The practice at the Washington Cancer Institute is to perform SLNB for all melanomas of a Breslow depth of at least 0.76 mm, and to biopsy those thinner than 0.76 mm that have adverse histopathologic factors, such as Clark level IV/V, ulceration, and high mitotic rate, the investigators reported. In their series, 55 patients with a mean Breslow depth of 3.26 mm had a positive SLNB.

Of the 330 patients with a Breslow depth greater than 1.0 mm, 16% had a positive SLNB, compared with only 2% of the 142 patients with thin melanomas. Mean Breslow depth in the patients in those groups with positive SLNB was 3.4 mm and 0.81 mm, respectively.

The rate of SLNB positivity in the study increased with increasing depth of invasion: In all, 2% of those with Breslow depth of 1.0 mm or less had a positive SLNB, compared with 10% of those with a depth of 1.01-2.0 mm, 23% of those with a depth of 2.01-4.00 mm, and 23% of those with a depth greater than 4.0 mm, the investigators noted.

Not only was positivity a function of Breslow depth, but Breslow depth correlated with disease progression and survival, as did SLNB positivity, the investigators found.

Local or distant recurrence occurred in 43 patients (9%) overall. Those with recurrence had a mean Breslow depth of 4.19 mm and a mean follow-up of 45 months. Only 17 of the 43 survived; they had a mean Breslow depth of 3.76 mm and a mean follow up of 58 months.

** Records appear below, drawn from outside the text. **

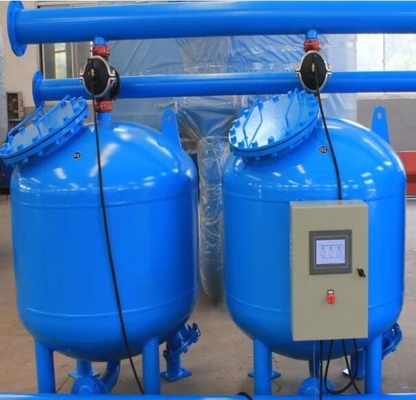 Bypass Automatic Backwash Sand Filter In Cooling Tower Circulating Industrial Water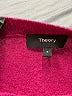 Theory 100% Cashmere Purple Cashmere Pullover Sweater Size S - photo 7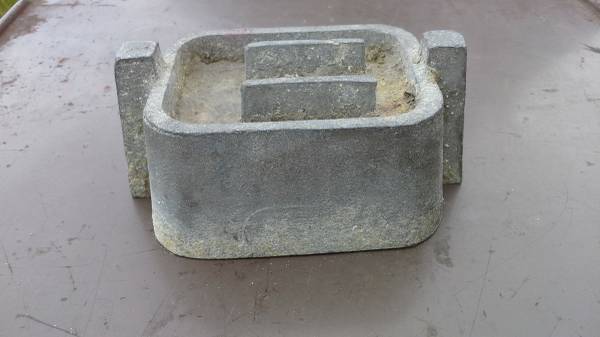 Vintage Scuba Diving Weight Mold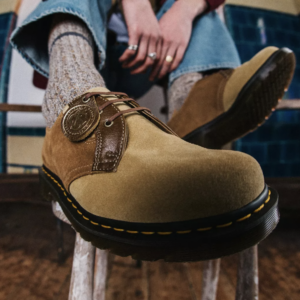 Giay Dr.Martens 1461 Made In England 'Dark Tan' 27511795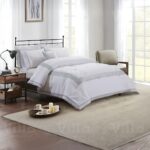 طقم لحاف كينج 8 قطع - Charm Grey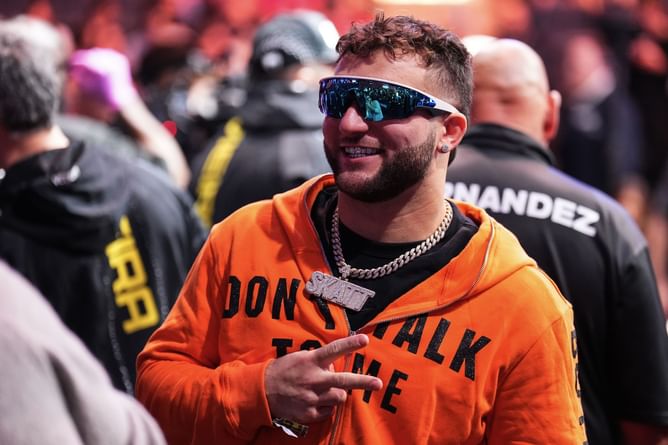 “Just go ahead and unfollow”: Cam Skattebo claps back at critics after receiving backlash for enjoying life during injury rehab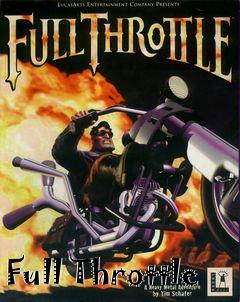 Box art for Full Throttle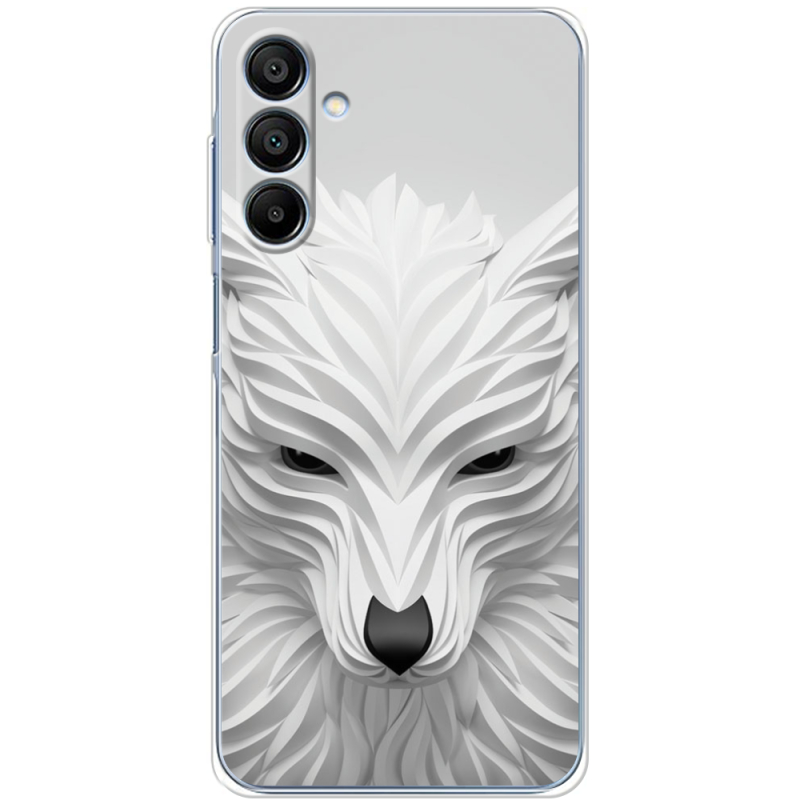 Чехол BoxFace Samsung Galaxy A16 5G (A166) White Wolf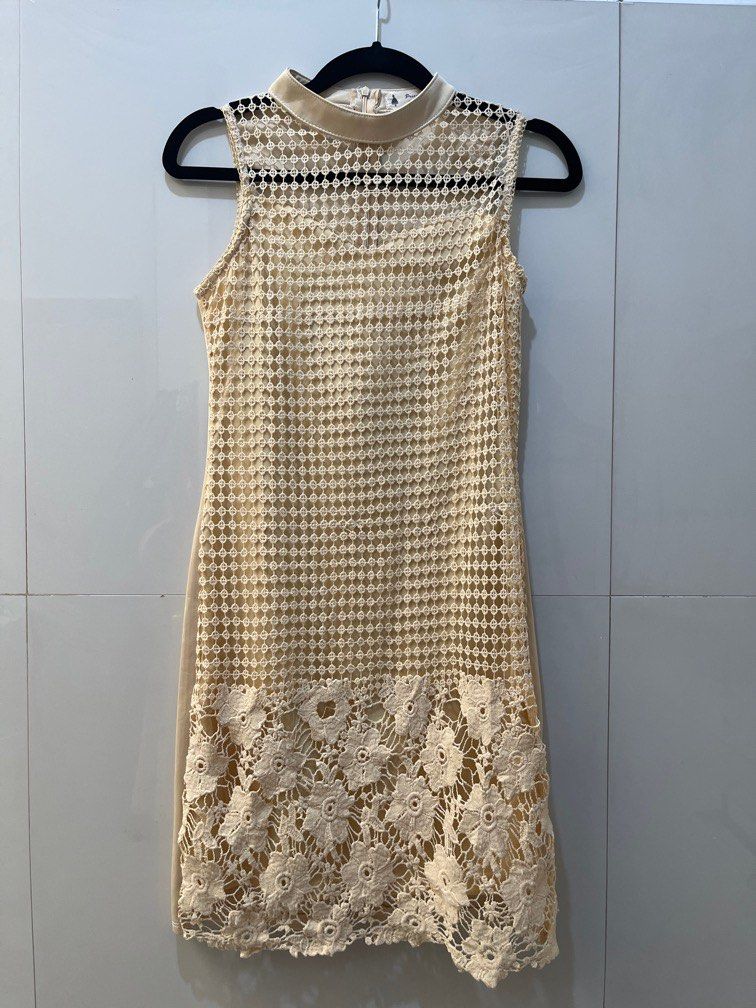 Yellow Embroidered dress (Category: Dresses) located in Manila. Submitted by ar_things (Listing ID 1300683448, Image 1). Description: RFS: Extreme decluttering hence all items are at its lowest price. Condition of item is stated above. Please check all the photos for details. 😊.
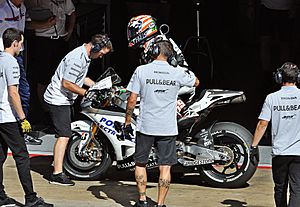 Nicky Hayden MotoGP-2015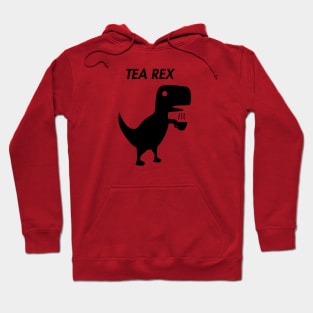 Silhouette tea rex Hoodie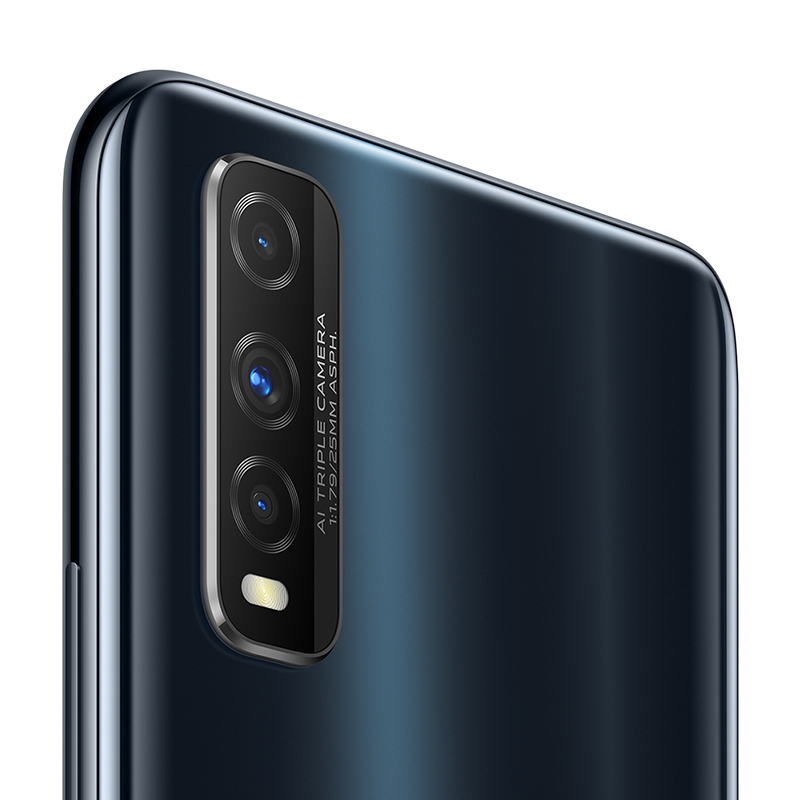 vivo Y70t 8GB+128GB 秘境黑 5G全网通 4500mah大电池双引擎闪充 4800万后置 大电池拍照三摄全面屏5G手机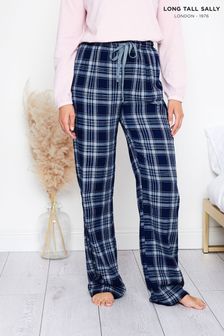 Long Tall Sally Red Brushed Twill Check Pyjama Pant (K25495) | 34 €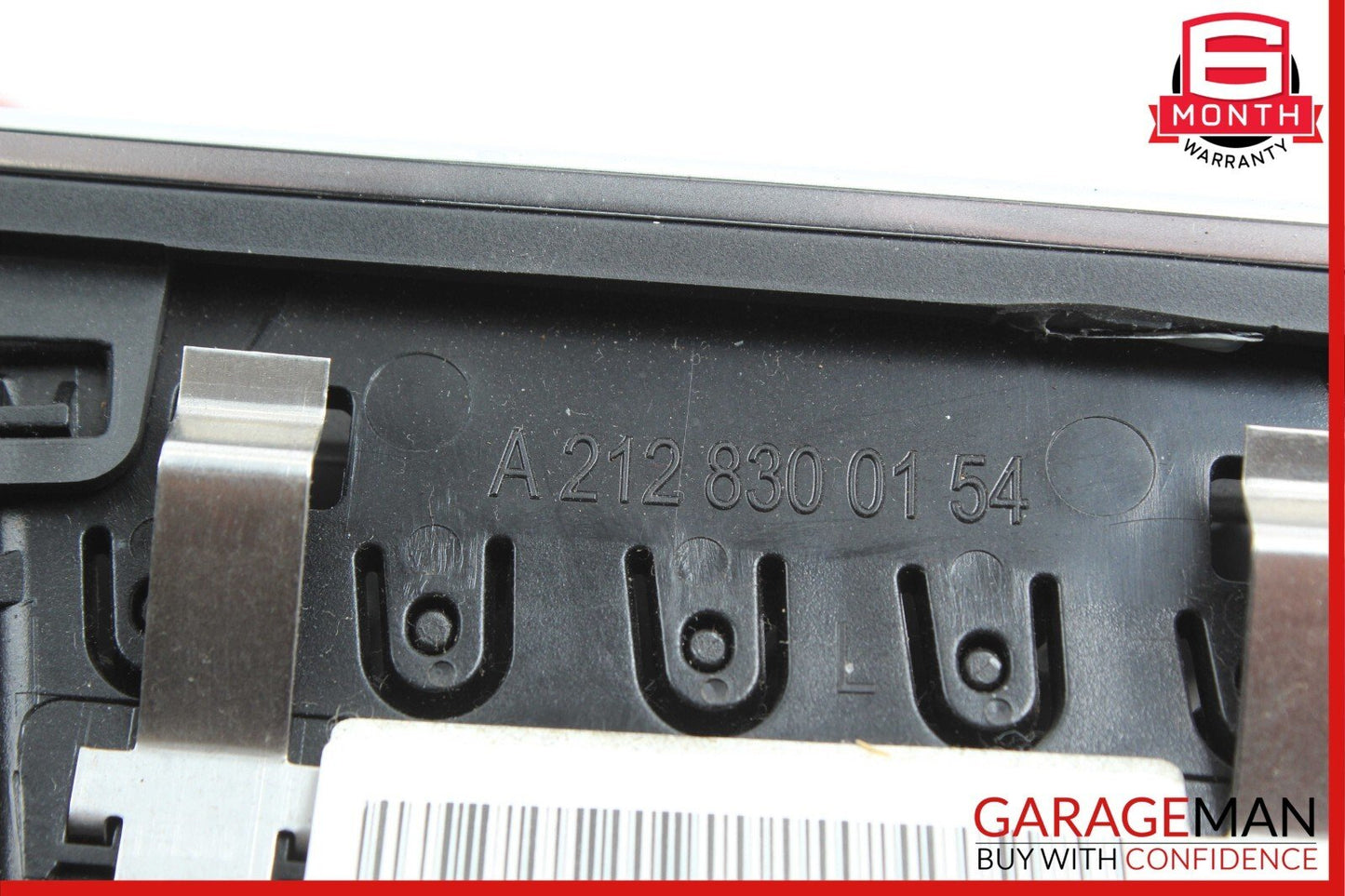10-13 Mercedes W212 E250 E550 Dashboard Dash AC A/C Air Vent Left Side OEM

Of the 417 patients with a negative biopsy, 29 (7%) developed recurrence – including 1 with a thin melanoma – and 12 (3%) developed distant metastases. Of the 55 patients with a positive biopsy, 14 (25%) developed recurrence – including 1 with a thin melanoma – and 7 (13%) developed distant metastases. Death occurred in 4% of patients with a negative biopsy, compared with 16% of those with a positive biopsy.

“The results from our institution confirm the importance of SLNB on staging and prognosis in patients with cutaneous melanomas. We continue to perform SLNB in patients with thin melanomas and ulceration and high mitotic rate,” the investigators concluded.

The investigators reported no relevant disclosures related to the study.